- [INPUT DATA]
>>>>>

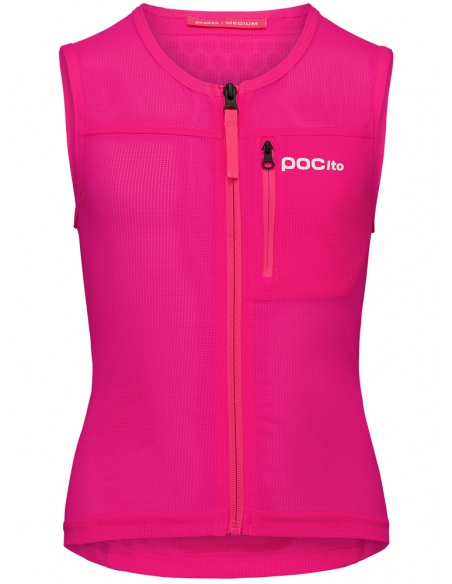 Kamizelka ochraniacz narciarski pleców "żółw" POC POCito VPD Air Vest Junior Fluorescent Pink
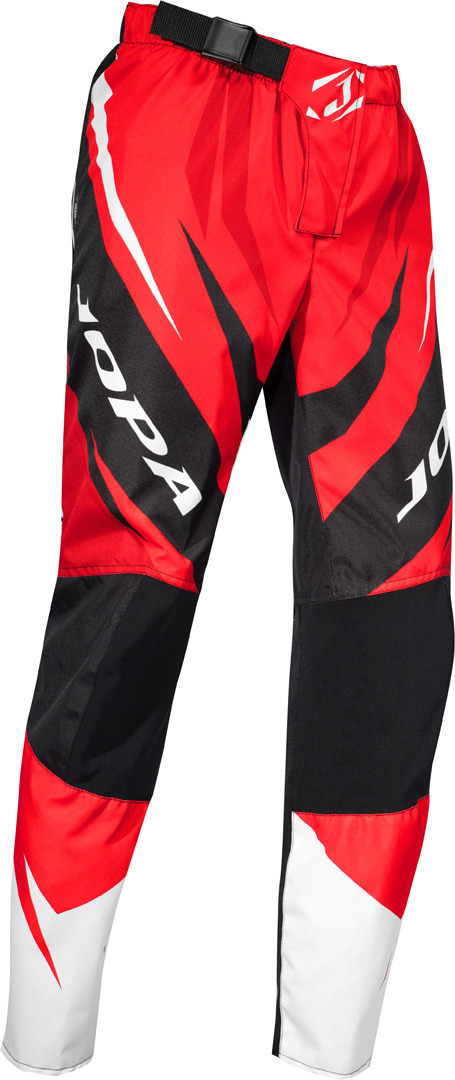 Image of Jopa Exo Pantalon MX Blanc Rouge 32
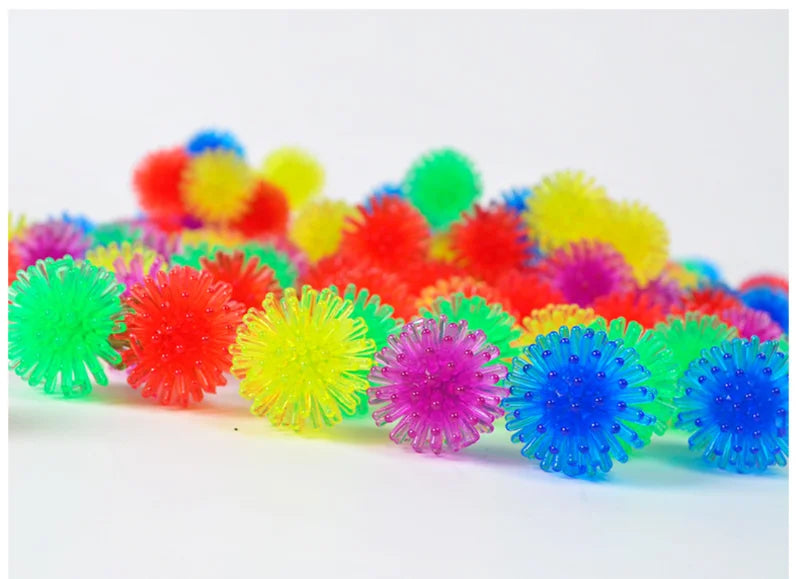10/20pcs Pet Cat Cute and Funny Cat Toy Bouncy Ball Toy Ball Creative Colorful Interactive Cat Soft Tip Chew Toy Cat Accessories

<<<<<

- [PROBLEM DETAILS] Print only the lines from the one with "Image of Jopa Exo Pantalon MX Blanc Rouge 32" through the last line of the data above, exactly and with both ends, and please omit any pictures.

- [SOLUTION FOR THIS TASK]
 Image of Jopa Exo Pantalon MX Blanc Rouge 32
10/20pcs Pet Cat Cute and Funny Cat Toy Bouncy Ball Toy Ball Creative Colorful Interactive Cat Soft Tip Chew Toy Cat Accessories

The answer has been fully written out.